A reunião conta com a presença de senadores e deputados federais. O deputado Pedro Cunha Lima, um dos defensores da saída do partido da base do presidente Michel Temer está presente. Ele é considerado como um dos tucanos que integram o núcleo conhecido como "cabeças pretas". Segundo Pedro, não existe condições do PSDB continuar apoiando o atual governo, independente da decisão do Tribunal Superior Eleitoral (TSE).

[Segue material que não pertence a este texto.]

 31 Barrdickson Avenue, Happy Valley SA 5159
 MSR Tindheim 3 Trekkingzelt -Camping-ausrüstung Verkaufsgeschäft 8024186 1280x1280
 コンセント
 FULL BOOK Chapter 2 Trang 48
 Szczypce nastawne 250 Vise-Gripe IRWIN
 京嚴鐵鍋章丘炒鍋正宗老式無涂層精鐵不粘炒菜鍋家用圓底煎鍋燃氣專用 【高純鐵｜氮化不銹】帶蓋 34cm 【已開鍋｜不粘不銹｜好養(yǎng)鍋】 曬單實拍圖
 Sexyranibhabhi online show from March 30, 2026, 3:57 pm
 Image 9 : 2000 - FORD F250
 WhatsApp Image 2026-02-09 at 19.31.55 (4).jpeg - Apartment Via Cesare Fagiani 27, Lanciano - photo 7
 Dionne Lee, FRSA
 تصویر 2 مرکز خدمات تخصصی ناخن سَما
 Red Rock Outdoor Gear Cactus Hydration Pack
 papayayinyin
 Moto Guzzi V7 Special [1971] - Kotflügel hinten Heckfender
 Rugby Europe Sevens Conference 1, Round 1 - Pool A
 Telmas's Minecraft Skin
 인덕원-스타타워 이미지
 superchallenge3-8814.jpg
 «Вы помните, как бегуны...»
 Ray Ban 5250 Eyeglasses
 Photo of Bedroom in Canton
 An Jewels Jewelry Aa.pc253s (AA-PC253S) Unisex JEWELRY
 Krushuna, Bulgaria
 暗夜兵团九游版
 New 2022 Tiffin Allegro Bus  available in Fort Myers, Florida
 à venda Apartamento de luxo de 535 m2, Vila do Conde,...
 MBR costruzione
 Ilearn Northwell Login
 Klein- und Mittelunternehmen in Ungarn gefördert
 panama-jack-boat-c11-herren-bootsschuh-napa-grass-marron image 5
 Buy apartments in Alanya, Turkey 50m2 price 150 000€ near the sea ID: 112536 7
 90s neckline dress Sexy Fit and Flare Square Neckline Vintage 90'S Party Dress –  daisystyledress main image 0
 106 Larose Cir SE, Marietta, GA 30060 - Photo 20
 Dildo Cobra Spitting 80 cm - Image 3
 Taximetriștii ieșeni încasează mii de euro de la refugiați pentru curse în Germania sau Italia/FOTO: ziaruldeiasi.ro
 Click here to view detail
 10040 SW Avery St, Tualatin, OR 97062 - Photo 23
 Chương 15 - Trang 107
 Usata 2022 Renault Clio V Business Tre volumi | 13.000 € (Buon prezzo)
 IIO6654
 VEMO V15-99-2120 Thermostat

PSDB está dividido; reunião decide futuro do partido

O senador da Paraíba, Cássio Cunha Lima (PSDB), revelou que o partido está dividido e que essa reunião deve se preocupar com o país, deixando as questões políticas que envolvem o partido e o governo de lado.

“Estamos com o partido dividido, assim como o país está dividido, as pessoas estão divididas. Não será uma reunião definitiva, quem sabe, mas há uma discussão em curso que deve ser feita com muita responsabilidade, pensando não apenas no governo mas pensando sobretudo no país", disse o senador Cássio Cunha Lima.

Cássio afirma que a decisão do PSDB em deixar ou não a base do governo peemedebista é crucial para os brasileiros, principalmente os desempregados.

"O país é muito maior do que qualquer governo, então nós temos que medir muito bem as nossas atitudes, calcular bem os nossos passos para avaliar bem se essa nossa atitude de saída ou de ficar no governo terá sobretudo na vida das pessoas, principalmente dos desempregados. Hoje se eu tenho uma preocupação central é com os milhões de desempregados. O desemprego é uma chaga da sociedade, o desemprego destrói famílias”, completou Cássio Cunha Lima.